Asco de palabras

Todo se enfriaba. Eran tiempos convulsos para los dos, Ella con aquel vodevil laboral que no terminaba de resolverse ni para bien ni para mal, y él con la lenta recuperación de su operación que había paralizado toda su actividad física y que le mantenía encerrado en casa. Dos situaciones muy diferentes, pero ante las que ambos habían reaccionado igual: encerrándose en sus propios caparazones.

Él casi no se pasaba nunca ya por su Refugio, porque gastaba tantas horas al día pensando en soledad que al final no tenía necesidad de escribirlo. Ni siquiera al llegar el fin de semana, cuando la combinación balcón+música+bourbon había sucumbido ante un maratón de serie chorra en el sofá, y sabiendo que Ella tenía planes interesantes y variados lejos de él que les impedirían verse. Pensó que tendrían sus momentos, que Ella se arrancaría en algún momento por el chat, pero no. Tampoco.

Así volvía a tener la sensación de que todo se estaba enfriando. Ya había pasado con anterioridad y se habían recuperado, la pasión entre ellos era tan inflamable que una simple chispa volvía a encenderlo todo. Pero, a diferencia de las otras veces, la palabra que dominaba todo en aquella ocasión era apatía: la misma apatía que le ataba durante horas al sofá frente a la tele en vez de sacarle al balcón , la misma apatía que le mantenía días enteros metido en casa en vez empujarle a la calle, la misma apatía que, tras pensar en Ella durante horas, le alejaba las manos del móvil en vez de ayudarle a escribir en su Refugio o enviarle a Ella un meme ingenioso.

Apatía. Enfriarse. Vaya asco de palabras.

Tres palabras

Habla sido una quedada accidental, tan accidental que Ella ni siquiera había contado con él. Pero una carambola y muchas agallas por parte de él les colocaron en un sábado de tardeo como los de los viejos tiempos.

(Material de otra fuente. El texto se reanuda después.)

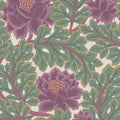 Cole & Son Aurora in Mulberry & Sage on Parchment — pattern detail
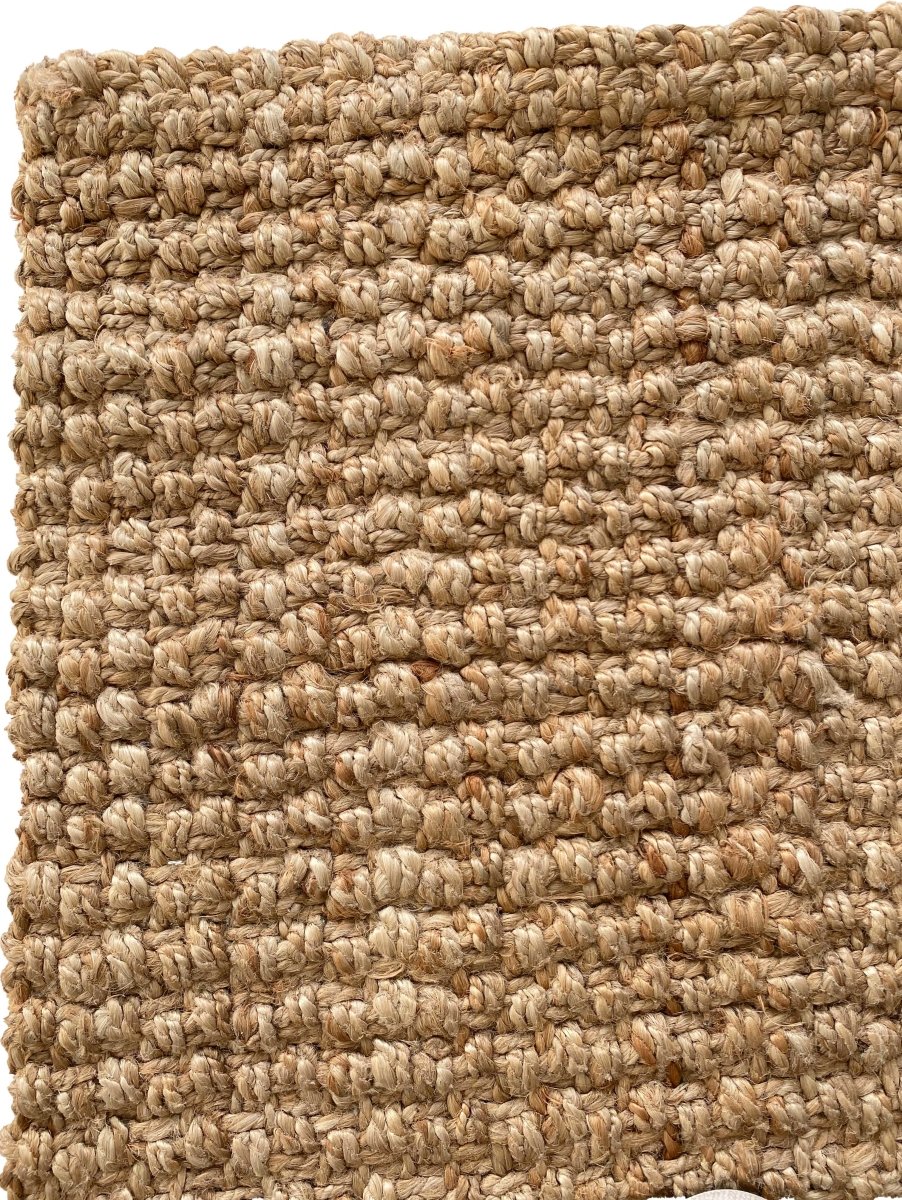 Natural Jute Rug - Size: 5 x 3.2 - Imam Carpets Online Store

Apenas cruzaron unas pocas palabras en toda la tarde, pero se notaba en el ambiente, él podía sentirlo como tantas otras veces antes: la vieja chispa, la vieja magia seguía allí, y sus miradas, furtivas al principio y directas después, lo confirmaban por completo.

Llegó el momento de irse, y Ella le preguntó abierta y directamente por sus planes, aunque ya sabía la respuesta, igual que él sabía que Ella también quería quedarse. Por un momento fantaseó con con la posibilidad de que se quedaran solos, y cuando Ella se colgó de su brazo se preparó para cualquier cosa que pudiera pasar. Ya no se iba a cortar, no iba a guardarse ningún tema de conversación, no iba a activar ningún freno. Tanto si Ella quería realmente pasar tiempo con él como si pretendía utilizarlo para arañar minutos y alcoholes al sábado, le iba a encontrar allí dispuesto a todo.

Pero la alineación de los planetas falló en el último instante, y Ella se vio obligada a volver a casa. Se despidieron con un largo abrazo y dos intensos besos, con la sensación de que les habían robado el partido una vez más. Y fue aquella vieja frustración de todos los sábados la que le empujó a escribirle para pedirle que se escapara y se volviera con él. Ambos sabían que era imposible, tal y como Ella le respondió, y con muy buenos y cordiales deseos ahí quedó la conversación. Pero para él, en cierto sentido, había sido liberador.

Aquellas tres simples palabras, «escápate y vente», con las que él había roto su promesa de no buscarla, habían significado mucho más que tres palabras: que, pese al silencio, él continuaba estando allí; que él sabía que Ella también le añoraba; que si Ella le buscaba, seguro que le iba a encontrar; pero también que, si él se había atrevido a romper su promesa, era porque ya no temía a nada ni a nadie, y nada le iba a frenar. Si Ella le buscaba le iba a encontrar, libre y valiente, dispuesto a todo. Porque ya habían sufrido demasiado, se merecían una pizca de disfrutar. Como aquella tarde del «anda, ven«, pero sin frenar.